Last Friday, Duke Energy announced it would not renew its membership with the right-wing trade group the National Association of Manufacturers (NAM) because of NAM’s efforts to kill legislation to cap carbon emissions and invest in clean energy. NAM is one of the most aggressive business coalitions opposing legislation to address global warming. NAM has funded groups to deny the science underpinning climate change and has spent millions to derail any move to curb emissions.
Today, NAM hosted an event on Capitol Hill to update staffers on clean energy legislation Waxman-Markey. Asked if they will “modify their approach” on climate change given Duke Energy’s recent departure and the fact that other NAM coalition members are demanding climate change legislation, Keith McCoy, NAM’s Vice President of Energy and Resources Policy, apprehensively denied that NAM has staked out any position:
MCCOY: In terms of Waxman-Markey, I think its clear in anything you’ve read that the NAM hasn’t taken a position whether for or against it … As the legislation evolves, we’ll see.

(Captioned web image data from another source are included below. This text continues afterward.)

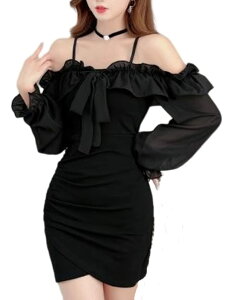 yz[g[A\[A] ItV_[ s[X ZNV[ fB[X ~j ^Cg t 2way z^[lbN {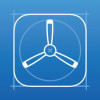 「TestFlight 1.5」iOS向け最新版をリリース。パフォーマンスとユーザビリティの向上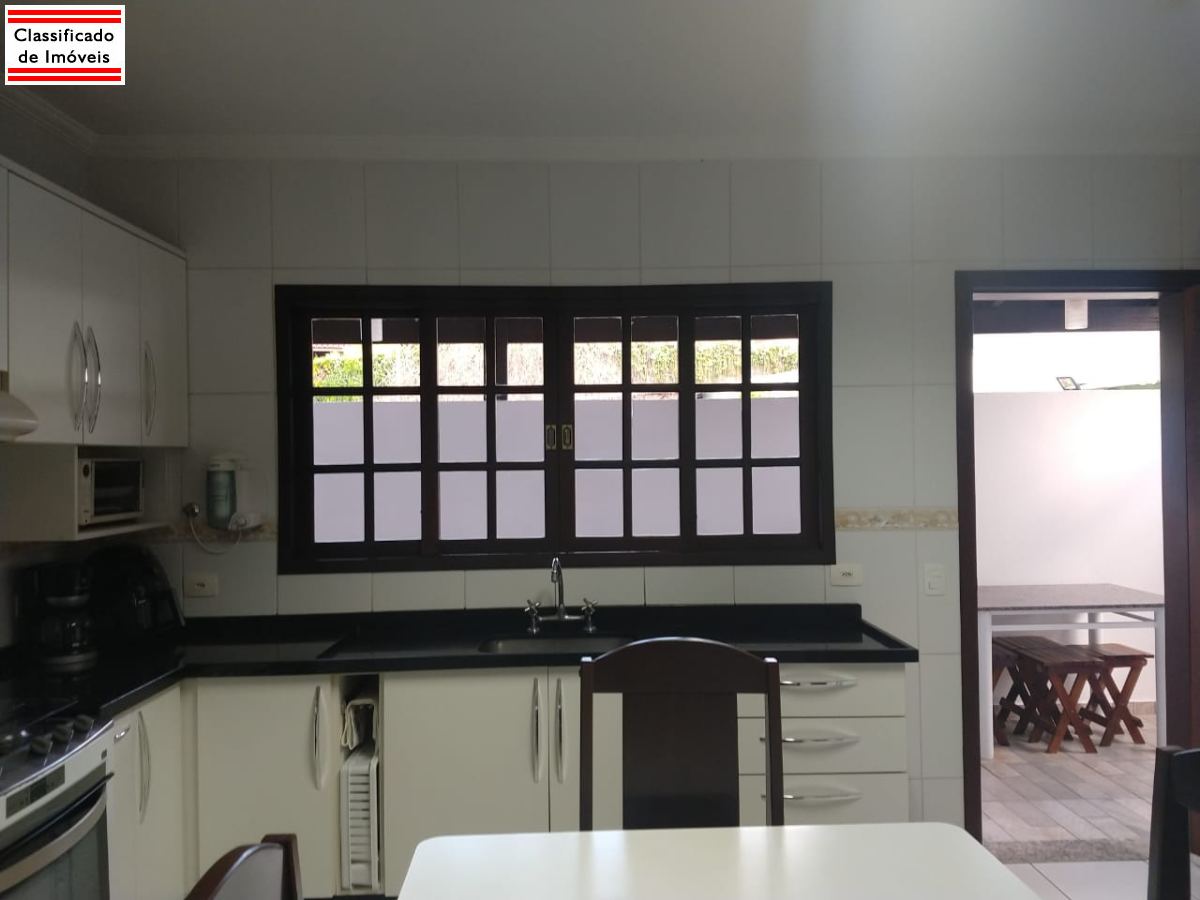 Casa em Jardim Flórida, São Roque - Foto 11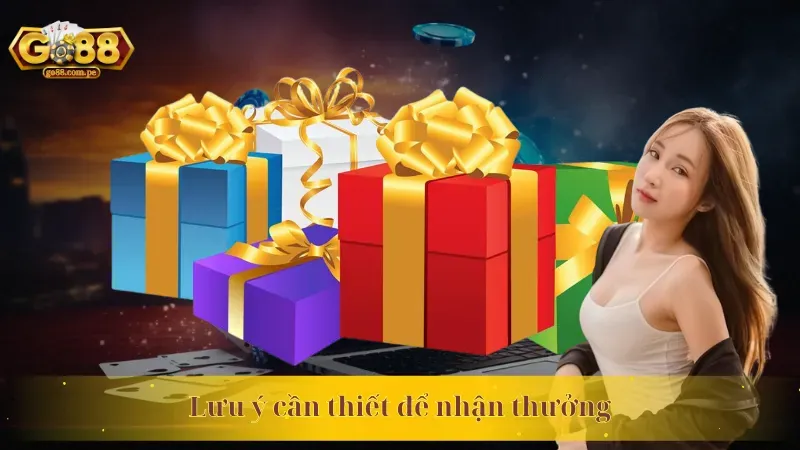 Cập nhật hệ thống bảo mật daga68 cổng game chính thức, đảm bảo an toàn tuyệt đối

But right now, I don’t think there’s a position that the NAM has taken on the Waxman-Markey bill.
Despite McCoy’s claims of neutrality, the NAM has taken a very public position on Waxman-Markey. The NAM, in a partnership with the major oil industry trade group API, launched an advertising campaign last month using the name “American Energy Alliance.” The ads explicitly tell viewers to call their member of Congress and “Tell him that we can’t afford the Waxman-Markey Energy Tax.” Last week, NAM President John Engler appeared as a witness at the GOP mock energy hearing to denounce Waxman-Markey.
Of course, Duke Energy would not split from NAM if the trade group hadn’t “taken a position whether for or against” climate change legislation. Rather, it appears the NAM is attempting to conceal their true position on climate change legislation to deter further defections from its coalition.
The American Energy Alliance is actually not a NAM-API project. It is the c(4) arm of the Institute for Energy Research, a separate right-wing oil-funded front group. In 1993, NAM and API established a front group with the same name — the American Energy Alliance — to block climate reform during the Clinton administration.